The result of these necessary trials in our lives? "Praise and glory and honor at the revelation of Jesus Christ." Is your faith honorable? Is mine? This is a difficult question for me to face for I fear the answer is "no, actually, it's not". My faith wanes quickly. I want a deeper knowledge of God and deeper faith in Him. I want my faith to be honorable and praiseworthy when Christ returns and restores all things. But that's why God has given me TODAY - to take one step closer to Him, to choose Him over everything else that is vying for my attention, that clamors and claws its way into my heart. Oh Lord, may my heart grow deeper in faith!

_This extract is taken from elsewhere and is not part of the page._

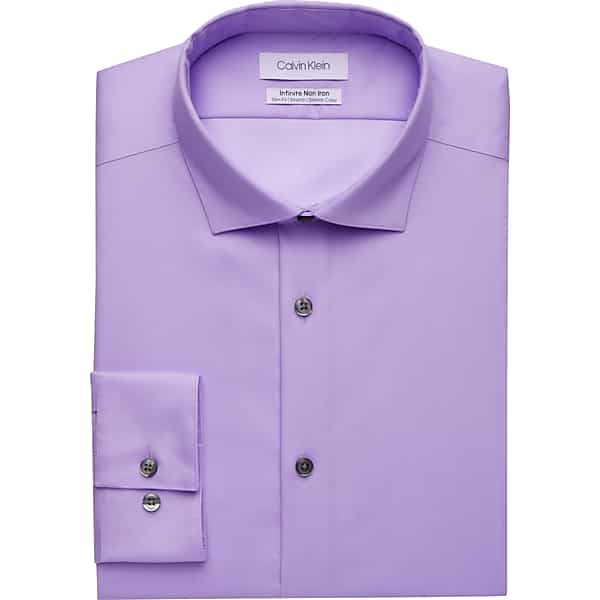Calvin Klein Big & Tall Men's Slim Fit Non-Iron Dress Shirt Viola - Size: 16 36/37 TMW541K60713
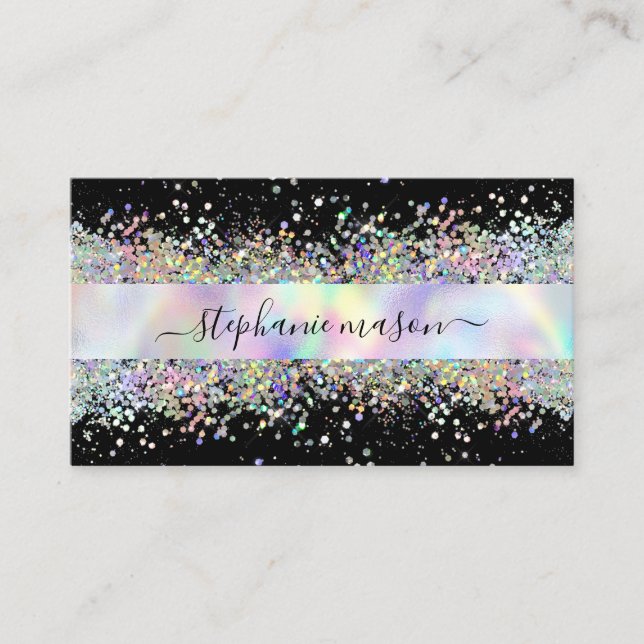 Tarjeta De Presentación Holográfico Purpurina Salón de belleza Negro (Anverso)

Verse 8 is seriously an incredible verse. Remember who is writing this. We are reading a letter from Peter... the same Peter that denied Christ three times, the same Peter Jesus asked three times "do you love me" and the same Peter who was there when Jesus said "Blessed are those who have not seen and who have believed" to doubting Thomas (John 20:29). So, now read v. 8 again - Though you have not seen him, you love him! Peter saw him and Jesus wanted to make sure he loved him. I sense Peter applauding the faith of his readers, who have believed and love Jesus without seeing him (they're probably one generation after Jesus, in contact with people like Peter who DID see him). Not only that, but they rejoice in Christ with a joy that is "inexpressible and full of glory". The idea of a joy filled with glory is mind boggling to me. I'm not sure if I get it, and I definitely don't sense that this is my kind of joy... not yet at least. Christians alone can have a glory-filled joy - a weighty, beautiful, meaningful, full-of-truth kind of joy that nothing else in the universe produces outside of God himself. A joy that cannot be stolen, that is inexpressible - words cannot fully convey the glory of knowing the glorious One who made you and saved you.
What is the result of all this? Of this faith and love? Of these trials that are necessary for our good? Of this great mercy of God and this living hope? The salvation of our souls, that's what. Our belief, or faith (they seem interchangeable here), results in salvation. It results in the forgiveness of sin, the payment Christ made on the cross being credited to you as if you had paid it, and in receiving His righteousness as if you earned it. But you didn't. You (hopefully) simply believed the great news of Jesus Christ. You received as truth that could save your souls the news of who He is, what He did, and that He lives today and will one day complete everything that has been begun. What a glorious Savior. As we'll see next in v. 10-12, this was God's plan all along.